John Yoo and other lawyers who were involved in developing the Bush administration’s interrogation policies have been roundly criticized for the shoddy and controversial nature of their legal advice. And yet even some of the critics have rejected the notion that Yoo and his former colleagues should be investigated for their role in the commission of torture and other war crimes. Writing recently in the Washington Post, Jack Goldsmith, the lawyer (and now law professor) who repudiated much of Yoo’s work at the Office of the Legal Counsel, dismissed calls for further probes for fear that government lawyers would become excessively cautious in offering legal advice. The country is better served by moving on, Goldsmith suggested.
Lawyers are often asked to offer their views on complicated questions with significant real-world consequences, and the idea that offering the wrong answer could implicate an attorney in criminal wrongdoing is a frightening prospect to many in the profession. It is not surprising, therefore, that lawyers are reluctant to condemn fellow lawyers on the basis of the advice that they give.
But attorneys are hardly the only ones who must make difficult decisions in times of war. American soldiers, under the Uniform Code of Military Justice, are duty-bound to obey only lawful orders. Indeed, since the Nuremberg trials, it has been a fundamental precept of international law that soldiers must disobey orders to commit war crimes. If soldiers are supposed to differentiate between lawful and unlawful orders, why should lawyers, who are trained to know the law, have the privilege of never being held accountable if they advise unlawful conduct?
That stance seems especially unwarranted since lawyers can offer legal advice in such a way as to account for differing points of view when addressing controversial legal issues. In fact, lawyers are mandated to at least consider opposing points of view. They may, moreover, refer to moral and political considerations when advising clients, not purely legal ones. And yet John Yoo and other administration attorneys wrote one-sided arguments about crucial aspects of the coercive interrogation policy. It is perfectly legitimate to ask, given the controversial nature of their conclusions and the importance of their work, why they crafted their arguments in the way that they did.
The United States used to not only investigate attorneys for their role in the perpetuation of war crimes—it used to prosecute them. After World War II, as part of the Nuremberg trials, the United States prosecuted 16 German attorneys and judges for war crimes and crimes against humanity for their role in implementing the “Night and Fog” decree. Three of the defendants in the so-called “Justice Case” held positions in the Ministry of Justice and directly advised the justice minister. These attorneys also drafted laws and rules for the administration of German-occupied lands and the operations of certain special courts. Many of these laws—and the courts themselves—ran afoul of the Geneva Conventions. The German lawyers argued, in their defense, that the Conventions did not apply because their enemies did not subscribe to them. They were ultimately convicted of war crimes and were each sentenced to 10 years in prison. (A more complete discussion of these cases is available here.)

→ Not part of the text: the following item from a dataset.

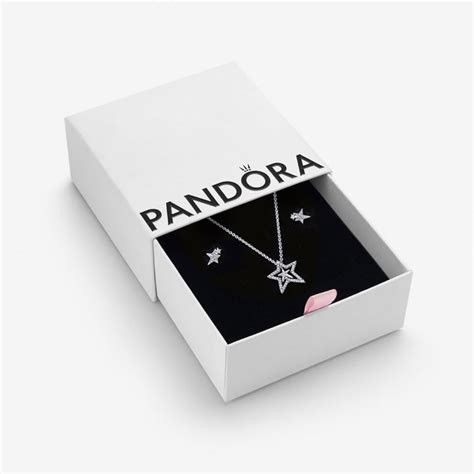 Pandora Sparkling Asymmetric Star T Set B8g100 Francis And Gaye Jewellers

The crimes with which Yoo and others are alleged to have been involved are clearly not of the magnitude of those in wartime Germany. Another key difference between the convicted German attorneys and the Bush lawyers is that the former specifically authorized the commission of war crimes. Nevertheless, British jurist Philippe Sands has plausibly alleged that Yoo and others went beyond advising and specifically approved certain interrogation tactics for use at Guantanamo Bay. Without knowing the full details of the interrogation program, it seems premature to conclude, as Attorney General Michael Mukasey apparently has, that Yoo and others were simply attempting to answer difficult questions about interrogation policy.

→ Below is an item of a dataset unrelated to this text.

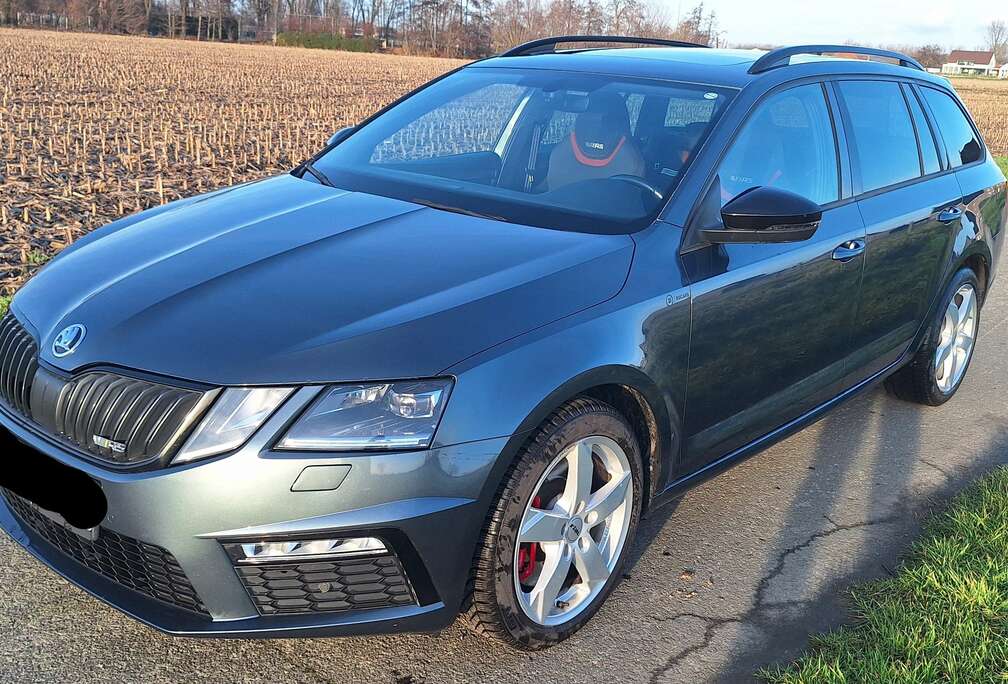 Skoda Octavia SW RS 2.0 TFSI DSG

We have domestic cases on the books that allow for an attorney to be found criminally liable solely for the legal advice he offers to a client. In 1919, in Firpo v. United States, the United States Court of Appeals for the 2nd Circuit instructed: “To advise a client to commit an act which is a crime makes the lawyer an accomplice and at common law he would be an accessory.” Georgetown law professor David Luban has noted an analogous recent precedent from the 7th Circuit, in which an attorney’s disruptive litigation tactics implicated him in criminal wrongdoing.
Firpo involved an attorney who was charged as an accomplice in the desertion of a young soldier. The lawyer had advised the soldier to leave New York to live with relatives while he worked to secure the soldier’s release on the grounds that the soldier had been too young to enlist. The 2nd Circuit ultimately reversed the attorney’s conviction because the prosecution had not proved that the attorney was aware that the soldier was already a deserter when he advised the soldier to flee—the lawyer’s knowledge mattered for criminal culpability. But the court as a whole agreed that the key consideration was whether the attorney’s advice was intended to assist the soldier in violating the law. It is certainly possible to see the work of Yoo and others in this light—as legal cover for interrogators.
Goldsmith worries that if they fear criminal sanction, government lawyers will shy away from offering potentially controversial legal advice when novel issues arise. But that would misread the role of a government lawyer. Nor is the fear of political division sufficient reason to dismiss the idea of an investigation as counterproductive. If allegations of torture and other crimes against Yoo and other lawyers are handled soberly and responsibly, there is the possibility that the United States will not only be able to heal internal divisions regarding the war on terror but will earn much-needed good will from abroad. Lawyers should be leading the call for a full investigation, not seeking amnesty for their peers before any meaningful attempt to determine the scope of their misconduct.